Class of 2016
When my corporate L&D department restructured, I lost my role in workplace education and needed to reassess my career path. With 5 years’ instructor experience, my background put me in demand for L&D roles in other companies, but I found I couldn’t express what I had done, or exactly what I wanted to do next. I continued to work for my company, but spent a year reflecting on my goals, and researching opportunities and the skills and abilities that would support my applications for new roles.
By reading instructional design blogs, change management articles, and government employment data, I determined a full master’s degree program (rather than self-teaching through books or enrolling in certification programs) was the correct choice for me. I sought academic rigor, feedback from classmates and professors, real-world problem-solving, and networking with other L&D professionals to fill the gaps in my knowledge and experience. I was prepared to invest considerable time, if my investment was efficient and effective.
OPWL outshone the other master’s programs I found for its relevant coursework options and its powerful track record in project-based, high-touch instruction. I quickly found that OPWL attracts and retains amazing, supportive professors and staff. OPWL’s social and flexible online learning environment proved to be a better investment of my time than I ever imagined it would be. Since students around the world were choosing OPWL for similar reasons to my own, each semester we strengthened our global virtual teaming skills and peer collaboration abilities, adding value to real organizations with our team accomplishments.
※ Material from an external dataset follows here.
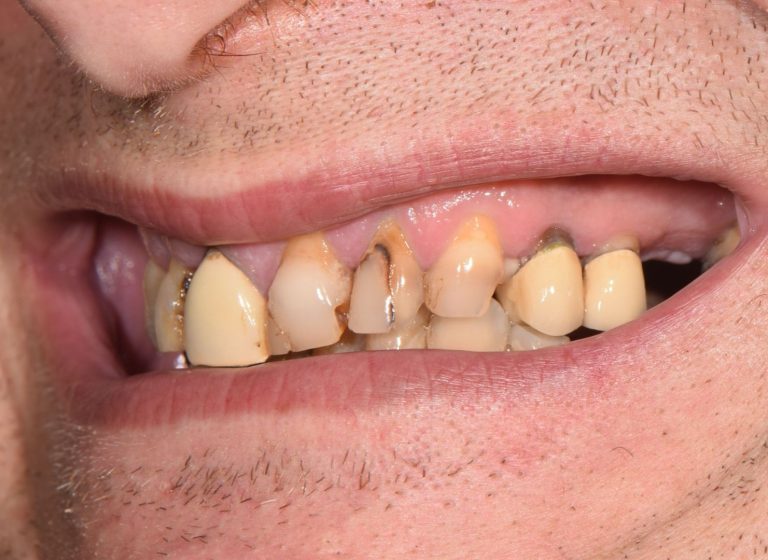 Casi clinici 55 Riabilitazione implanto - protesica - prima 5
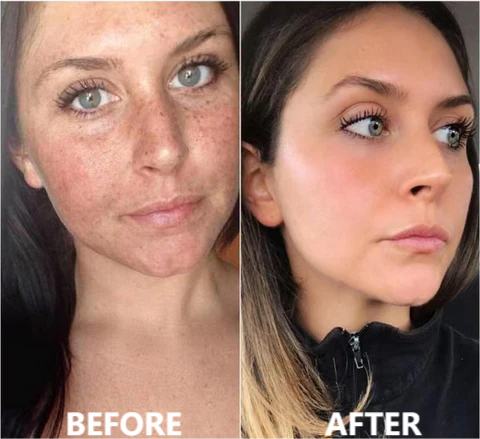 Luxury Collagen Boost Anti-Aging Serum For Remove 97% Deep Wrinkles & Dark Spots - Image 7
It turned out that I wasn’t looking for just a workplace learning degree program. All unknowing, I had some human performance roots in my work experience, and with OPWL I was finally able to describe the problem-solving work I had done, and the organizational performance work that I wanted to do. Perhaps most important of all, OPWL taught me design skills, and showed me how I could be systematic in my practice while still honoring the complexity of human and societal interactions in the workplace (systemic practice).
OPWL helped me meet all my pre-program goals. To help me connect my reinvented self to the new roles I was looking for, OPWL also directed me to networking resources I hadn’t taken seriously before, and encouraged me in making the most of them. I am emerging from OPWL not only with a master’s degree, but prepared to deliver valuable results as a member of a respected community of practice that I will gladly support—and be strengthened by—the rest of my career.